President Joe Biden made a similar point on Twitter after visiting victims’ families and attending mass in Uvalde: “We’re committed to turning this pain into action.”
But the only way “new rules” or laws can be made in Texas right now is through a special legislative session. The only person with the authority to call a special session is Gov. Greg Abbott. (The next regular meeting of the Texas Legislature isn’t until January, long after students return to campus in the fall.)
That’s why the Texas Senate Democratic Caucus — and some Republicans — are urging Abbott to act now and call lawmakers to Austin for a special session.
The calls for gun reform were made in the wake of Tuesday’s massacre, when 21 people were gunned down at the Uvalde elementary school. The gunman purchased two assault rifles and more than 1,500 rounds of ammunition legally, shortly after his 18th birthday.
In a letter sent to Abbott on Saturday, the Democrats said that “Texas has suffered more mass shootings over the past decade than any other state.”
“After each of these mass killings, you have held press conferences and roundtables promising things would change. After the slaughter of 19 children and two teachers in Uvalde, those broken promises have never rung more hollow. The time to take real action is now,” the letter read.
What is a special session and how could it change policies?
What is a special session?
The Texas Legislature is a part-time Legislature that meets once every two years. This five-month period is the only time state laws can be added, removed or modified. That is, however, unless the governor calls a special session during the interim.
The governor is the only person in state government who can call the 30-day special session, and he can call it as many times as he wants. The governor also has unilateral authority to decide what type of policies are in play for the special session.
Special sessions are not rare - in fact, in 2021 Abbott called lawmakers back to Austin for three special sessions. There was also one special session in 2017 and three specials in 2013.
All 13 Senate Democrats on Saturday called for a special session, including state Sen. Roland Gutierrez, who represents Uvalde, in response to the massacre there.
Additionally, several House Democrats have called for the special session, as well as at least a few Republicans, including state Rep. Jeff Leach, of Arlington, and state Sen. Kel Seliger, of Amarillo.
Why solutions have Texas Democrats offered?

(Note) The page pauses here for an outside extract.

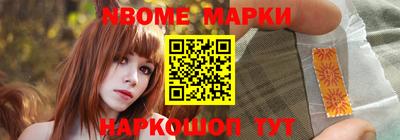 ALPHA PVP Краснокаменск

The Texas Senate Democratic Caucus called for a special session on Saturday, just days after the Uvalde massacre, which is now the deadliest school shooting since Sandy Hook.
In the wake of the Uvalde shooting, authorities learned that the shooter, Salvador Ramos, legally purchased one AR-style rifle on May 17 and another rifle on May 20. Both purchases happened just days after Ramos turned 18.

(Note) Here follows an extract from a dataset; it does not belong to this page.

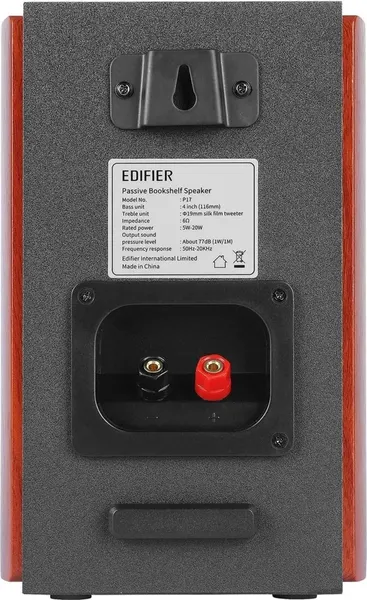 Изображение товара Мультимедиа акустика Edifier P17 (коричневый)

Ramos possessed 60 magazines total with 1,657 total rounds of ammunition, according to DPS Director Steven C. McCraw. He fired more than 160 rounds on Tuesday.
In a letter, Senate Democrats laid out the changes they want to discuss in a special session:
- To raise the minimum age to purchase a firearm to 21. Currently, 18 is the minimum age under federal law for buying a rifle, including assault rifles. Biden previously said that an 18-year-old’s ability to “walk into a gun store and buy two assault weapons is just wrong.” In Texas, you must be 21 to purchase a pistol but only 18 to buy a long gun, which includes rifles and shotguns.
- Require universal background checks for all firearm sales.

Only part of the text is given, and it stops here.